On My Soap Box

Thanks to a spot on article in this week’s London Evening Standard I’ve joined a couple of protest groups.

For the many readers who live outside London, you might not be familiar with the area known as Portobello. The largest open air antiques market in the world, for the sartorially inclined it is a treasure-trove of second-hand fountains pens, cuff links, tie bars, watches and vintage clothing. The street market that stretches from Ladbroke Grove to Notting Hill is a cornucopia of sights, sounds and smells. Portobello provides not only the above but freshly prepared foods from the mundane to the exotic. It’s also home to some great independent retailers, Adam of London being my favourite.

Sadly this is all under threat. Recently an AllSaints store opened on the street, and in order to accommodate its 15,000sqft – the length of seven shop fronts – over 150 independent antique dealers were evicted from what was formally Lipka’s Antiques Arcade. You may think; how is one store a threat?

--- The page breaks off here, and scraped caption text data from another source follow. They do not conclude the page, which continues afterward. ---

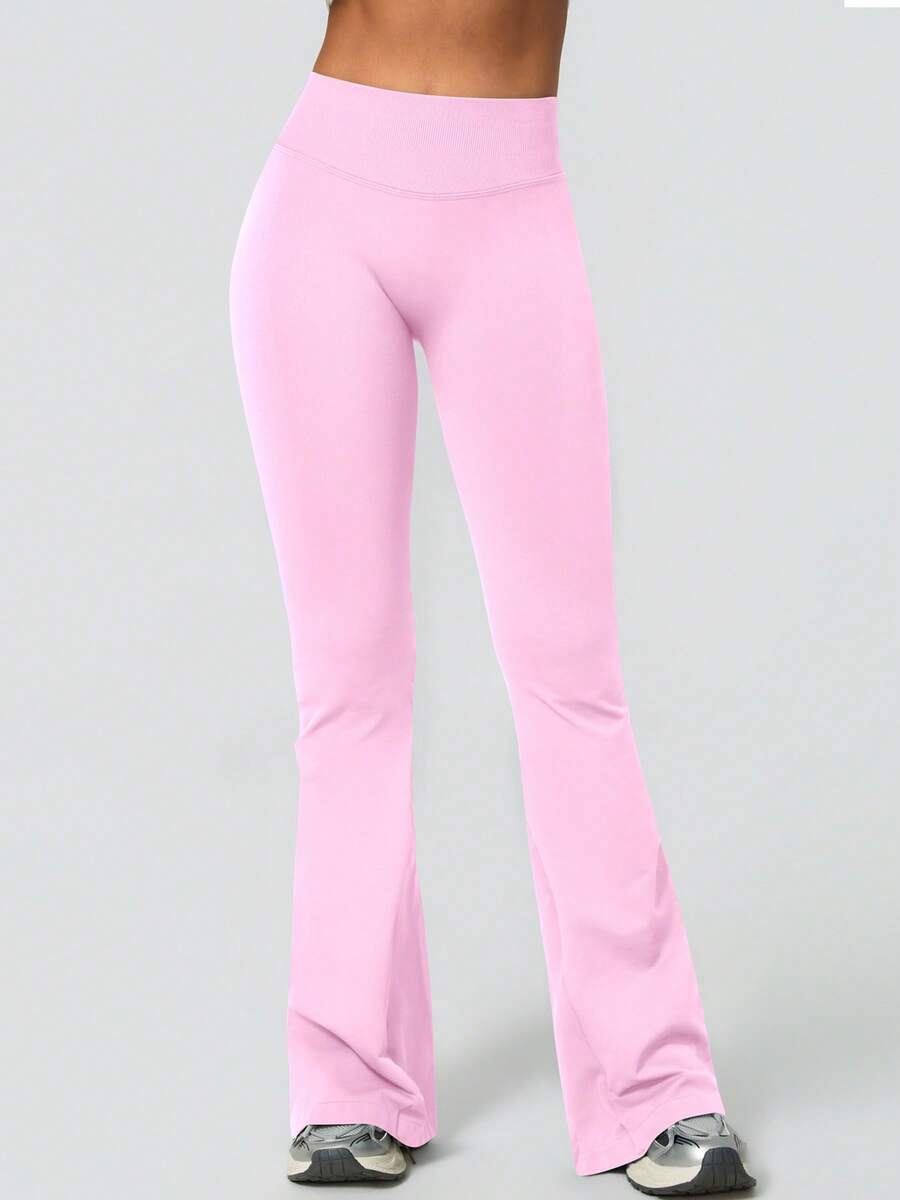 Pantalon Évasé Sans Couture Taille Haute
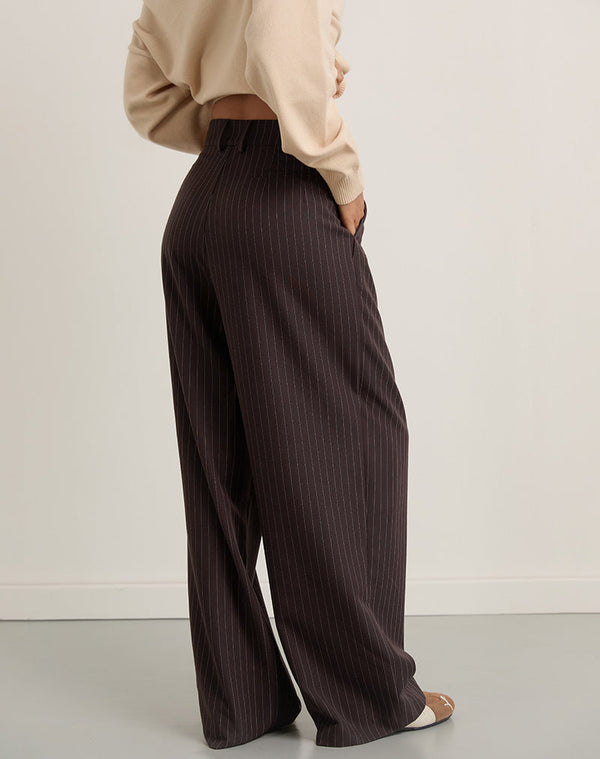 Motel Rocks Nala Wide Pleated Trouser In Dark Brown Pinstripe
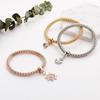 3 Pcs/Set Crystal Owl Crown Charm Bracelets&Bangles 3 Color Rose Gold Color Elephant Anchor Pendants
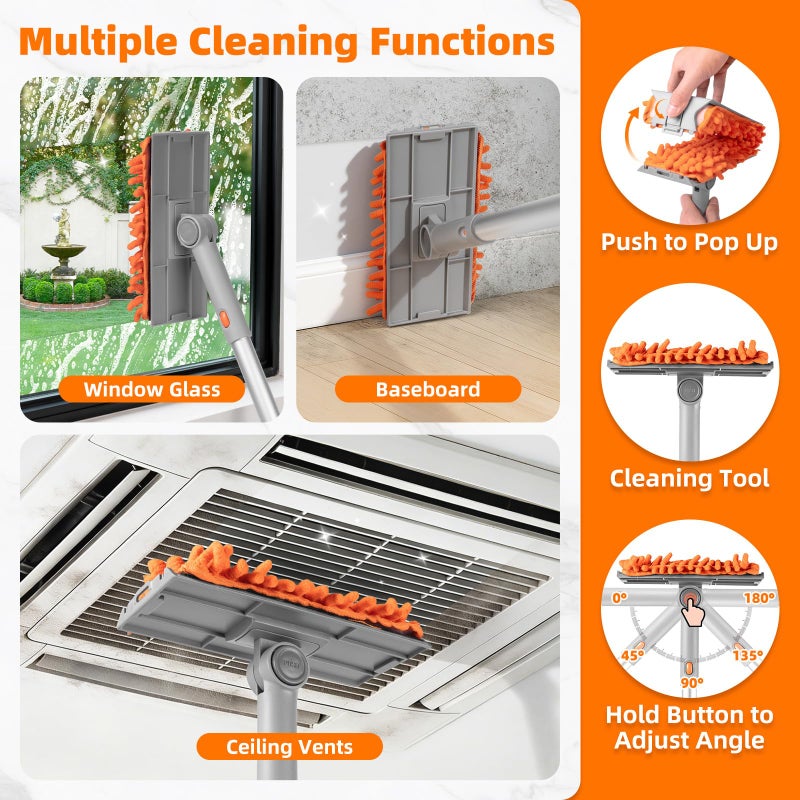 LOVECO Ceiling Fan Cleaner Duster with 6 Ft/77'' Extension Pole Multi-Functional Chenille Duster Cleaner Kit for Cleaning Fan Blade, Baseboard, Blind, Cobweb, High Ceiling Walls - Reusable & Machine Washable - Image 3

What retailers see is footfall. What they fail to understand is that the reason people like me go there is precisely because they’re not there. The arrival of this soulless dross palace will give heart to all the other rapacious chain retailers, landlords and property speculators who see this wonderful area as underdeveloped and ripe for exploitation.

What is happening in Portobello is happening in many of London’s unique retail areas – a sort of retail equivalent of acne. Bates Hats and Barons of Piccadilly, a favourite independent gents retailer of mine and fellow columnist Winston Chesterfield, are both victims of redevelopment of buildings on Jermyn Street. While Bates has secured space in Hilditch & Key it won’t be the same. Sadly Barons is going out of business all together. And as good as TM Lewin, Charles Tyrwhitt and Hawes & Curtis are at supplying cheap shirting, they’re not shirt makers as Cary Grant or the Duke of Windsor would have recognised them. How long before Jermyn Street is just any other?

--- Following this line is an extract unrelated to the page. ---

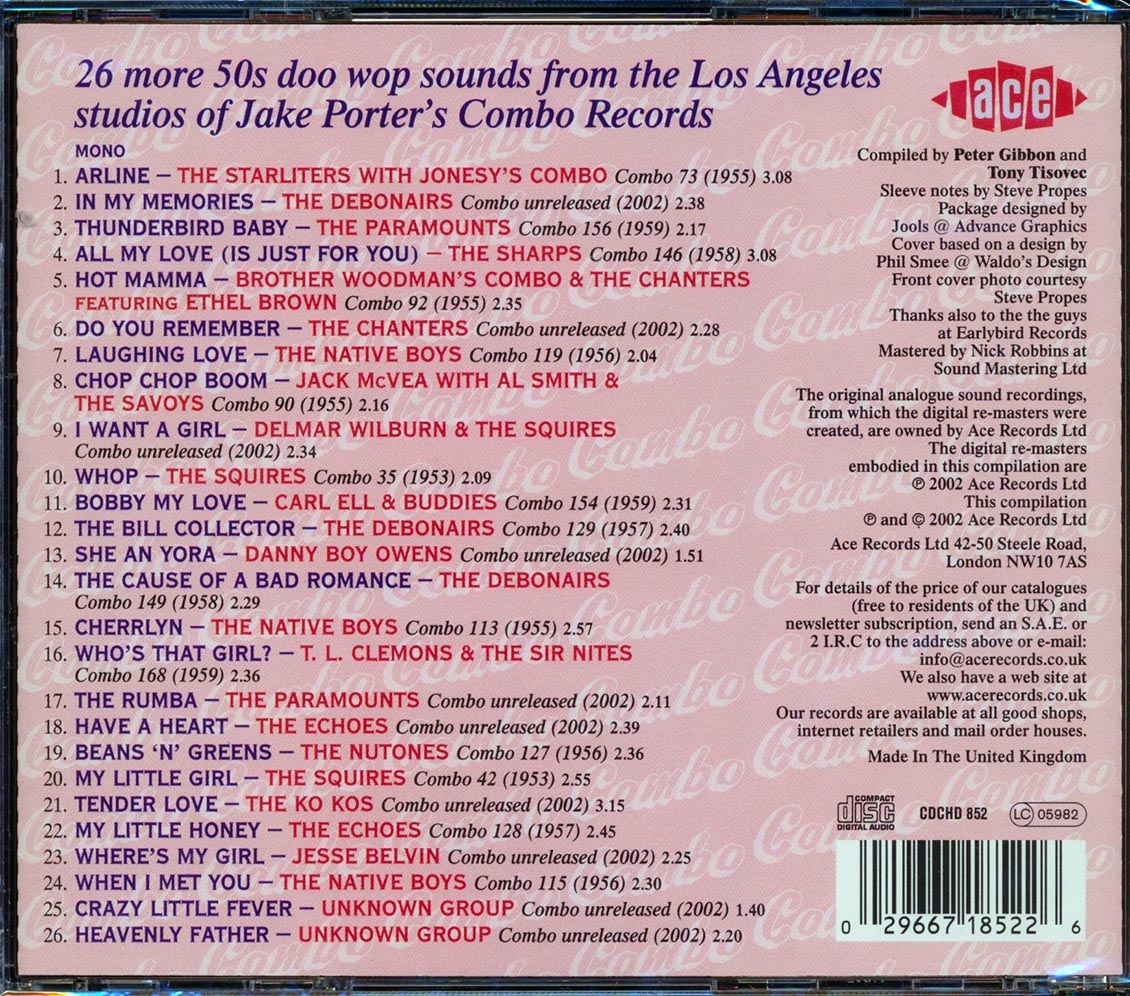 Various - Combo Vocal Groups Volume 2 (26 tracks) Music CD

If you saw the BBC’s four part series on Savile Row you’ll have seen the tailors work rooms being moved from top floors into basements to make room for hedge fund managers; and the arrival of Abercrombie & Fitch on the Row indicative of commercial interests coming before character, variety and quality.

It is often said of the English that we are incapable of appreciating what we have.


  1. Sirian said:

    Couldn’t agree more with you. Pedestrian stores like “All Saints” should never have been allowed to surface in an ideal world. I too wish that Saville Row did not sport so much of the shops that are “Argos” of shirts like Hawes & Curtis too.

    March 11, 2010
  2. Michael said:

    Andrew, this is disgusting.A thriving community like Portobello must not be allowed to be destroyed by the rapacious types and replaced by mindless AllSaints stores and sterile latte strips. Cities such as Berlin, Copenhagen and Paris amongst others, know the value these thriving communities and what they contribute to their cities, commercially and culturally.And its a contribution over the very long term.
    I would suggest you contact Tyler Brule at Monocle, who is a passionate advocate of this issue to assist in this very worthwhile campaign.

    March 11, 2010
  3. Andrew said:

    That’s a very good idea, thank you Michael. And I agree with you, the French are much smarter about this sort of thing.

    March 12, 2010
  4. Our High Streets increasingly resemble motorway service stations without the cars. We must fight for what we have for when it is gone, it is gone. Much could be done if our politicians really cared. Lower business rates for boutiques and one-off stores. Reviving the Roman practice that all master craftsmen must employ an apprentice by law but waive the employers national insurance contributions. Small can be beautiful.